You are viewing a plain text version of this content. The canonical link for it is here.
Posted to mapreduce-user@hadoop.apache.org by Mapred Learn <ma...@gmail.com> on 2011/06/23 08:21:32 UTC

can we split a big gzipped file on HDFS ?

Hi,
If I have a big gzipped text file (~ 60 GB) in HDFS, can i split it into
smaller chunks (~ 1 GB) so that I can run a map-red job on those files
and finish faster than running job on 1 big file ?

Thanks,
-JJ

Re: can we split a big gzipped file on HDFS ?

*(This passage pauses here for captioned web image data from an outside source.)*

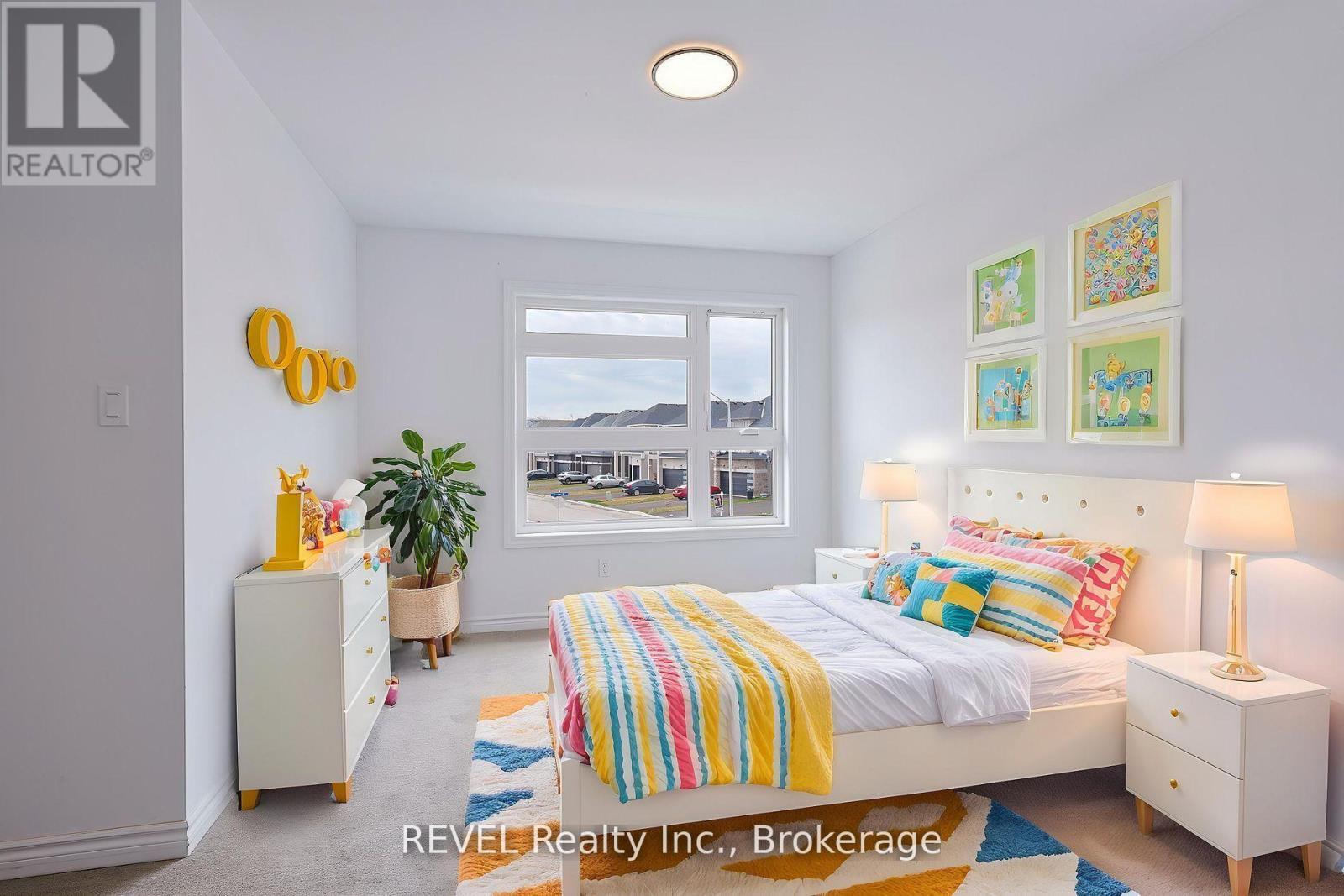 139 Caroline Street, Welland (Lincoln/Crowland), ON - Indoor Photo Showing Bedroom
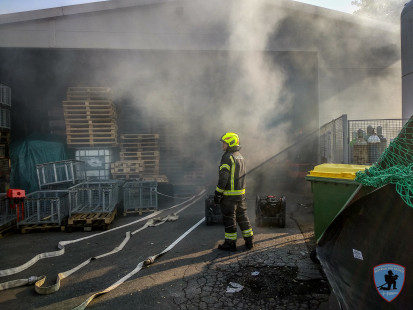 Vaja: Požar v tovarni Intec MKD, Križe, 15. 9. 2018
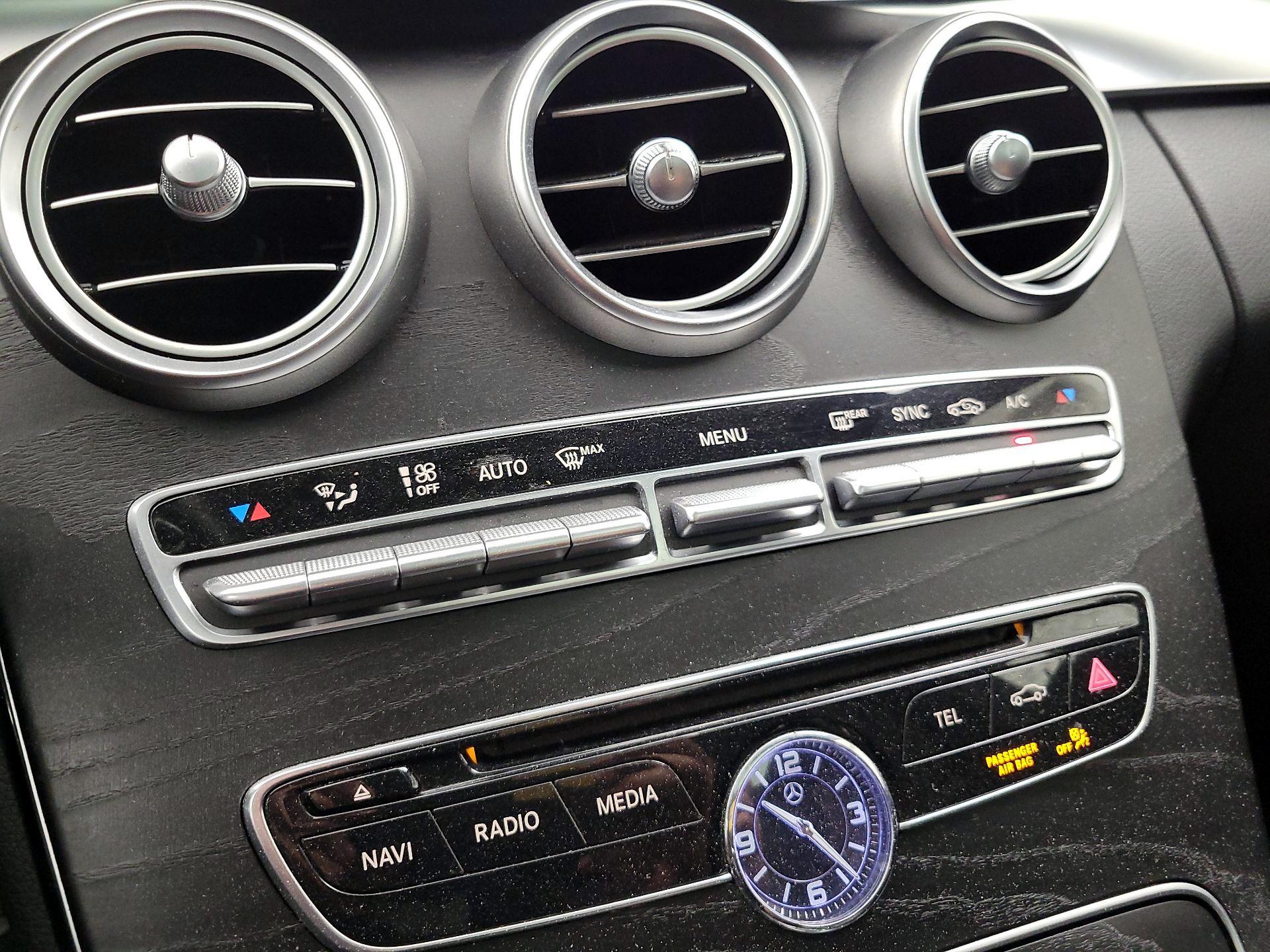 Thumbnail: 2015 Mercedes-Benz C-Class - 16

Posted by Robert Evans <ev...@yahoo-inc.com>.
JJ,

If it is just gzipped then no.  gzip does not allow for splitting as you cannot seek to an arbitrary point in the file and then after, possibly moving to a sync point, start reading out the data.  If it is a sequence file with gzip compression then yes, because the sequence file format only compresses the file in chunks, not the entire file at once.

--Bobby Evans

On 6/23/11 1:21 AM, "Mapred Learn" <ma...@gmail.com> wrote:

Hi,
If I have a big gzipped text file (~ 60 GB) in HDFS, can i split it into smaller chunks (~ 1 GB) so that I can run a map-red job on those files and finish faster than running job on 1 big file ?

Thanks,
-JJ